Trump rose to power in 2016 on waves of racism and nationalism that have always flowed in the American psyche. As the next election looms, he seeks to ride the same currents and, once again, the Democrats are beached on the sand with a figurehead who may not be able to turn the tide.

 

Photo by Susan Meiselas.
Magnum Photos

Sean Sheehan

 

“Co-illusion: dispatches from the end of communication” is timely reading; and it’s scary.

Levi Strauss attended the 2016 national convention of the Republicans in Cleveland, where Trump accepted his party’s nomination for the presidency, and the Democrats’ convention in Philadelphia which did likewise for Hilary Clinton.

In Cleveland, a cold fear washed over him while watching the faces and body language of the audience.

In Philadelphia, he saw Bernie Sanders supporters protesting outside the entrance. “I cannot vote for her”, says one of them. Four years later, some Democrats must be feeling the same about Joe Biden.

The dispatches in the book’s title begin with the last presidential election but what sends shudders through the reader is the experience of groundhog days.

Back in 2016, Levi Strauss noted how changes in modes of communication allowed the maximization of attention and minimal scrutiny.

A Trump supporter nailed it: “When Trump talks, you’re always trying to catch him up on something, to catch him in a mistake. And then you do, but it doesn’t make any difference. Because it’s not about that. It’s not a game. It’s real communication, person to person.”

Trump knows that keeping his supporters happy is not about telling the truth – ‘it’s not about that’ – hence the blend of entertainment and politics that make up his rallies. His ability to perform blurs the distinction between truth and parody: did he really say ‘When I hear the word “culture”, I reach for my dick’?

Photo by Peter van Agtmael.
Magnum Photos

The photographs in the book are by Susan Meiselas and Peter van Agtmael and they convey the mystifying mix of reality and fantasy that pervades politics in and beyond America.

As well as hundreds of local police, thousands of officers from other states and 3,000 Department of Homeland Security personnel were part of the infrastructure at Cleveland ($50 million for the convention’s security, 2,000 sets of riot gear and the same number of steel batons).

The photograph of the police presence brings to mind the murder of George Floyd.

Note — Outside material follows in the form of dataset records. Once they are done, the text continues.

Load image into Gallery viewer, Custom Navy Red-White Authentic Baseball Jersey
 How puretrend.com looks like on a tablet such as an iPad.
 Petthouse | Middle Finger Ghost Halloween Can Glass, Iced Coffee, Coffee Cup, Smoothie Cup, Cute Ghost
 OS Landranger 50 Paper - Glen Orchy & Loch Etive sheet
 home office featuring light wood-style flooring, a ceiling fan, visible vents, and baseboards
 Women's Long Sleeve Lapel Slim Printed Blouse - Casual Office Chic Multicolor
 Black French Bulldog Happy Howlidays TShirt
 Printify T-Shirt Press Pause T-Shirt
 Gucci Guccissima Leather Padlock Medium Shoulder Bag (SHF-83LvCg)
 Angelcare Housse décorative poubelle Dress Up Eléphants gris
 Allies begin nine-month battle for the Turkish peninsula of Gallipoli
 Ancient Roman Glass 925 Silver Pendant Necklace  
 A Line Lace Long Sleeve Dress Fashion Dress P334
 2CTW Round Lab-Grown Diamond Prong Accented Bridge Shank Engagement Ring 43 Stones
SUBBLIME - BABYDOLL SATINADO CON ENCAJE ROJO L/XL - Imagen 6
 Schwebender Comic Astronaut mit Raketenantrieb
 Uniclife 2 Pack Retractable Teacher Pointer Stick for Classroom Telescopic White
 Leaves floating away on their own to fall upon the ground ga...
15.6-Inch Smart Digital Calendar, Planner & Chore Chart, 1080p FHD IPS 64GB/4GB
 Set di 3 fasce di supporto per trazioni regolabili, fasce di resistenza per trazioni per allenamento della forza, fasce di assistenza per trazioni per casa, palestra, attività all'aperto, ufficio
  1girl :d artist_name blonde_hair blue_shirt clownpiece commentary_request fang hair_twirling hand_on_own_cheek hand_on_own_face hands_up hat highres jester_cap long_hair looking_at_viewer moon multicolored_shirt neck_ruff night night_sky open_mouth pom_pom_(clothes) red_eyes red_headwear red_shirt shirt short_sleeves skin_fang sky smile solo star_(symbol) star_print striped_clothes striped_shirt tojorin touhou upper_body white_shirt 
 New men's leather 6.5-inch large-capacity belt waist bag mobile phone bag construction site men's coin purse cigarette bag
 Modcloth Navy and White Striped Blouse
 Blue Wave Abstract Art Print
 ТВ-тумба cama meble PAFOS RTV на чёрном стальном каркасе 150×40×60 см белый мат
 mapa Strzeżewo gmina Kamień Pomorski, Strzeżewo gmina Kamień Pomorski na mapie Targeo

There are also photos of transfixed supporters (who call Trump their ‘Messenger’) and their Make America Great Again posters, caps and T-shirts.

They believe in a rapture that bundles ideology, religion, nationalism and an entrenched racism, the legacy of slavery.

Photo by Peter van Agtmael.
Magnum Photos

Marx writes in The Holy Family how for some people figments of the brain can assume bodily form – ‘ a world of tangible, palpable ghosts is begotten within his mind’ – and that this  is the secret of all ‘pious visions’ and ‘ the general form of insanity’.

Such a psychopathology explains Trump’s support and the insanity could re-elect him.

“Co-illusion: dispatches from the end of communication”, by David Levi Strauss, is published by The MIT Press.